Apareció entonces una muchacha sorprendentemente radiante y rubicunda. Aspecto rural, alegre, poco abrigada. De marcado aire naif. Ojos color turquesa, una trenza rubia, brazos macizos y saludables. Espléndida. Sonreía, y contagiaba una alegría infinita su sonrisa. No parecía haberse dado por enterada del fin del mundo que había anunciado desde el estudio el jefe de sus informativos. Y ante el estupor de éste, empezó a contar que hacía mucho tiempo que no se veía a la gente sonreír tan feliz en las calles. Y era genial, porque las imágenes en directo confirmaban que la inocente joven discordante no se equivocaba y decía la verdad, toda la verdad sobre la alegría.
Recordaré durante mucho tiempo lo que vino después.
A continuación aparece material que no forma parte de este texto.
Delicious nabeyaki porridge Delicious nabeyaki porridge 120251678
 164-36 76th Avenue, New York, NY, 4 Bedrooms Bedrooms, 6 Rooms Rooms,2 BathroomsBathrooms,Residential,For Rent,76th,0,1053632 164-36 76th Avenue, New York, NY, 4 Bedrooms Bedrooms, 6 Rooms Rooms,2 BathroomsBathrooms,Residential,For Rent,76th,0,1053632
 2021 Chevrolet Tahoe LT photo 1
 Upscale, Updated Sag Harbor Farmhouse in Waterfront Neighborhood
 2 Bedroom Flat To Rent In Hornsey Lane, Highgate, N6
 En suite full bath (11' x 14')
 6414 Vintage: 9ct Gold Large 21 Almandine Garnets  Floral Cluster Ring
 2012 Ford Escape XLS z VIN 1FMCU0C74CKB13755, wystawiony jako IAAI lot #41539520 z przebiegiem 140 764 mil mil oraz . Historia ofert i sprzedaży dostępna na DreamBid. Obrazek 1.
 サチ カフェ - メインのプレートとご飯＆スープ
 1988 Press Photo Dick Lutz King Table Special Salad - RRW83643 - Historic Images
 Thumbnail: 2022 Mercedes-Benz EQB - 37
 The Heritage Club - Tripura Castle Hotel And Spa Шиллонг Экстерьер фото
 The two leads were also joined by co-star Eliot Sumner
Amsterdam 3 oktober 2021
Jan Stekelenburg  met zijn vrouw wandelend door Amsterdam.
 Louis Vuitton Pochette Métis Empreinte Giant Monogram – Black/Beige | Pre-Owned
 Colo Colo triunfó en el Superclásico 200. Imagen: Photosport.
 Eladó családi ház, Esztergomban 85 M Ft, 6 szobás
La muchacha inició un espontáneo discurso acerca de la belleza extrema de la nieve y la presencia de la poesía en la intensa luz de aquel día tan extraordinario. Fueron momentos formidables. Hasta que el presentador tomó la palabra para refutar el discurso de su locutora y de algún modo maldijo la belleza, y entonces creí comprenderlo todo, comprender dónde están unos y dónde otros, y también dónde están los poetas.
3 . Pensé en Flaubert cuando dice que los lectores no son tan idiotas como parece y que sólo son idiotas en materia de arte todos los que poseen alguna forma de Poder, "porque el Poder es esencialmente estúpido. Desde que el mundo es mundo, el Bien y la Belleza han vivido en su exterior". Y pensé también en la conciencia, por parte de ciertos poetas actuales, del no lugar de la poesía en el mundo, un no lugar que, como dijera Eduardo Milán, plantea un problema de orden físico: el reconocimiento de una no territorialidad para el poema, lo que convierte todo gesto poético en un acto de nomadismo. Es algo no desligado de la nueva consideración del poeta, de su posición actual: el poeta como errante. Los poemas han dejado de ser un objeto y han perdido a sus autores. No hay identidad, sino identidades. Todos esos grupos de nosotros clandestinos, que no se dejan embaucar por la atmósfera depresiva, también pertenecen al espacio nómada de la poesía. Aparecen y se van, como los situacionistas. Cuando el presentador del noticiario quiere reprenderles ya están en otro lugar y son otros y están en otros senderos de errancia, de poesía. Dejan sólo la huella del momento fulgurante en el que la belleza asomó a nuestras vidas y, colapsando el discurso catastrófico, nos recordó que hay otros mundos y otras vidas.